People diagnosed with localised oesophageal or gastric cancer are candidates for curative treatment. In people with small tumours, it may be possible to remove the cancer with endoscopic treatment. However, most people are diagnosed with large tumours that can only be removed by having a surgical operation.  Some patients may only require surgery to remove the cancer.  For the majority, however, the current standard of care is for patients to receive chemotherapy (and potentially radiotherapy) before the surgery.

Patients with oesophageal and gastric cancer who undergo curative surgery have either an oesophagectomy (removal of the oesophagus), a total gastrectomy (removal of all of the stomach) or subtotal gastrectomy (removal of part of the stomach).

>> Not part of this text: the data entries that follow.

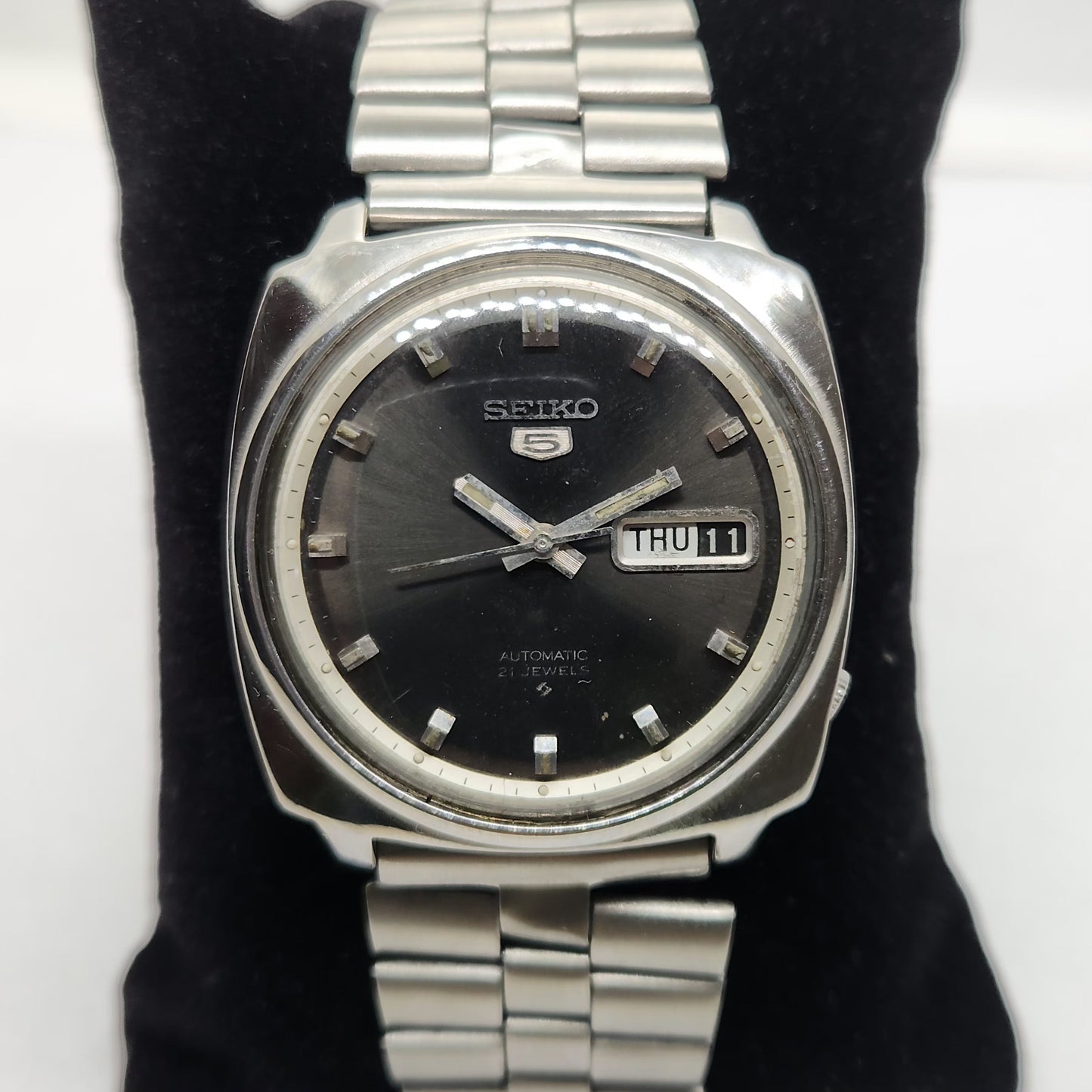 Vintage 1980 Original Seiko 5 Automatic 6119-7130 Black face 21 Jewels Day-Date Japanese Men's Wrist Watch OG134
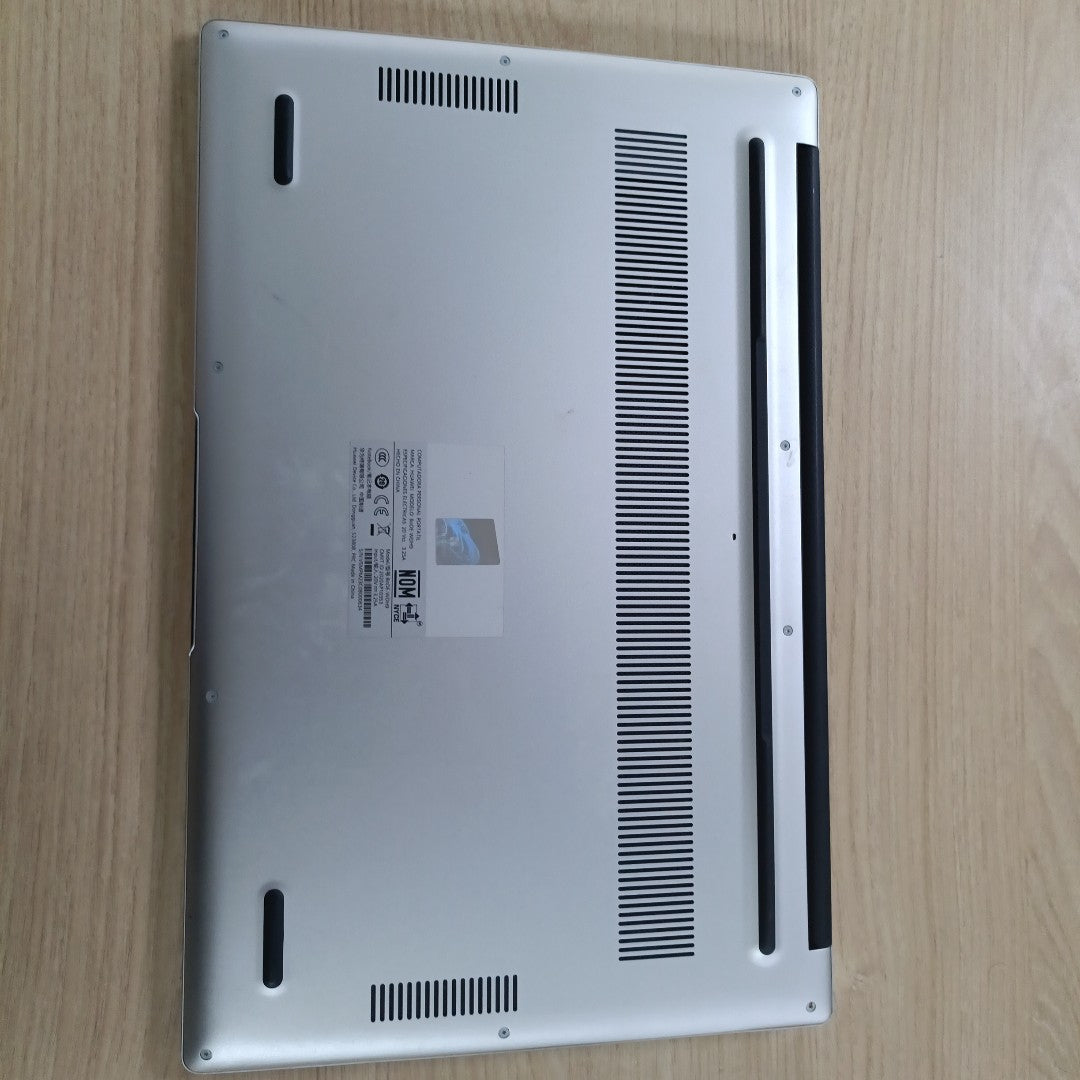 LAPTOP HUAWEI MATEBOOK D 15 BODE-WDH9 (2022) 512 GB SSD 8 GB RAM (SEMINUEVO)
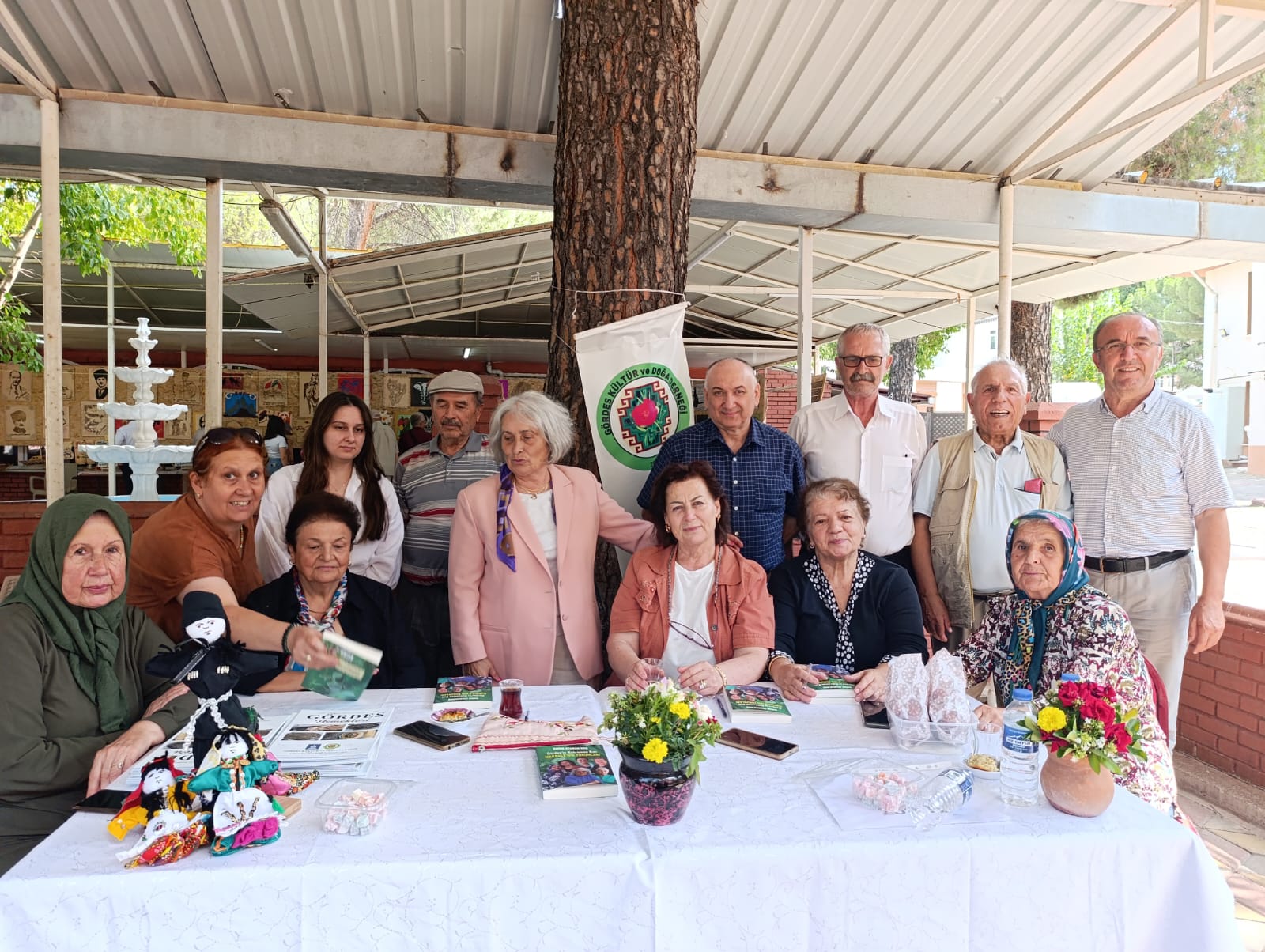 Türkiye’nin İlk Lisanslı Japon Tercümanı Yazar Koç’tan İmza Töreni
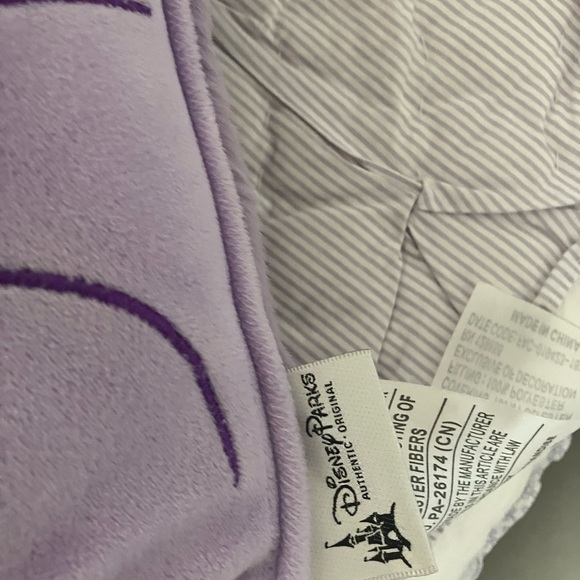 Disney Light Purple Minnie Pillow - Picture 5 of 8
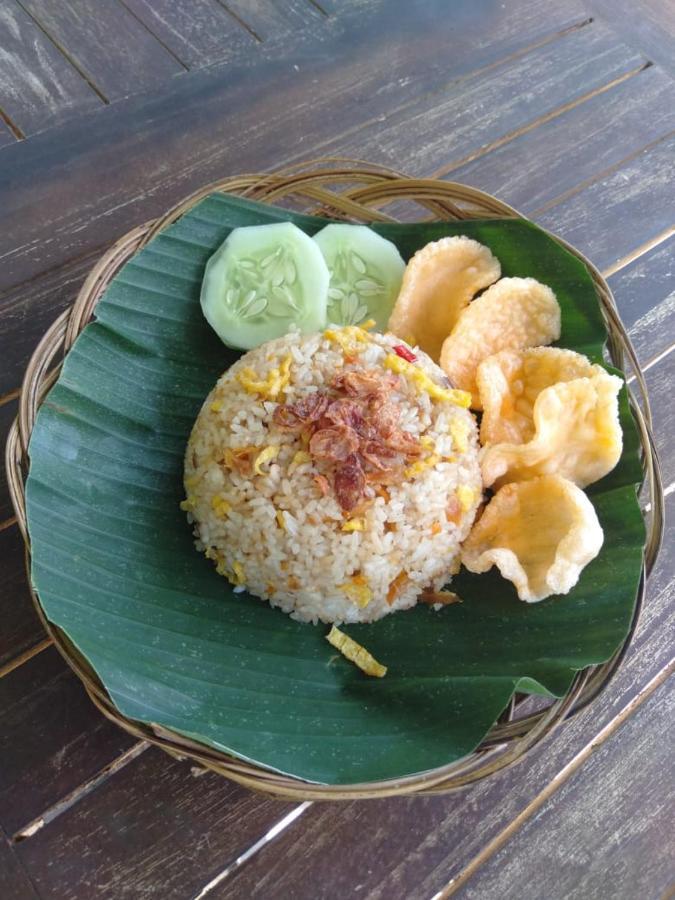 Pondok Wisata dan Restoran Elim Waingapu Exterior foto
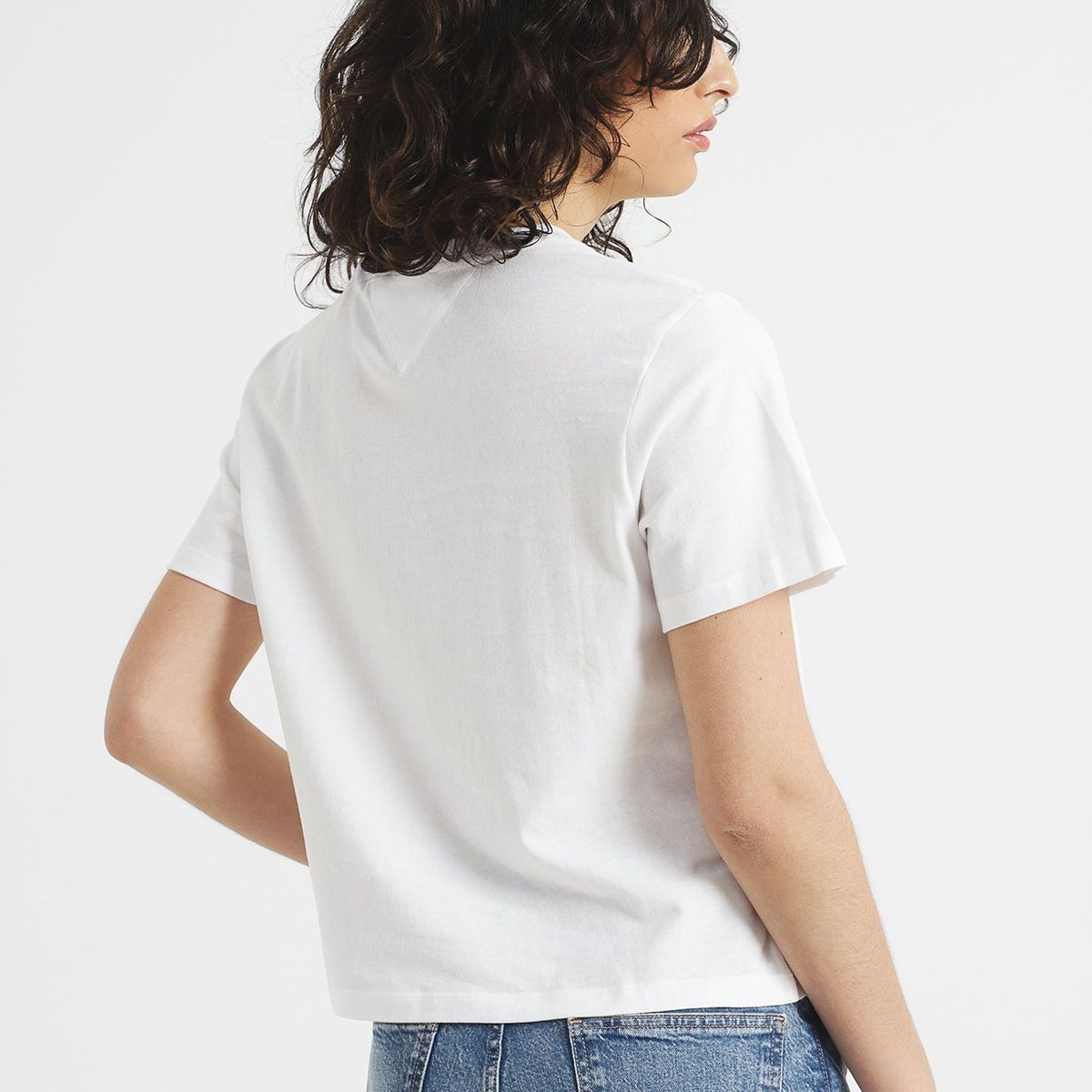 TOMMY HILFIGER - Polera Classic Modern Con Logo Blanco Mujer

Since 2001, curative treatments for oesophageal and gastric cancer have been organised into regional Specialist Cancer Centres. This has allowed cancer services to treat higher numbers of patients each year, which leads to better outcomes for patients.  As noted above, curative treatment may involve a combination of chemotherapy, radiotherapy and surgery, and is organised by multidisciplinary teams. In these teams, surgeons work closely with other clinicians to ensure patients are offered the best combination of treatments.

The performance of the operation is an area in which teamwork is becoming more common.  Increasingly, two trained surgeons operate together due to the complexity of the operations for oesophageal and gastric cancer.

The care delivered by multidisciplinary teams across England and Wales to patients with oesophageal or gastric cancer has been audited by the National Oesophago-Gastric Cancer Audit since it began in 2007.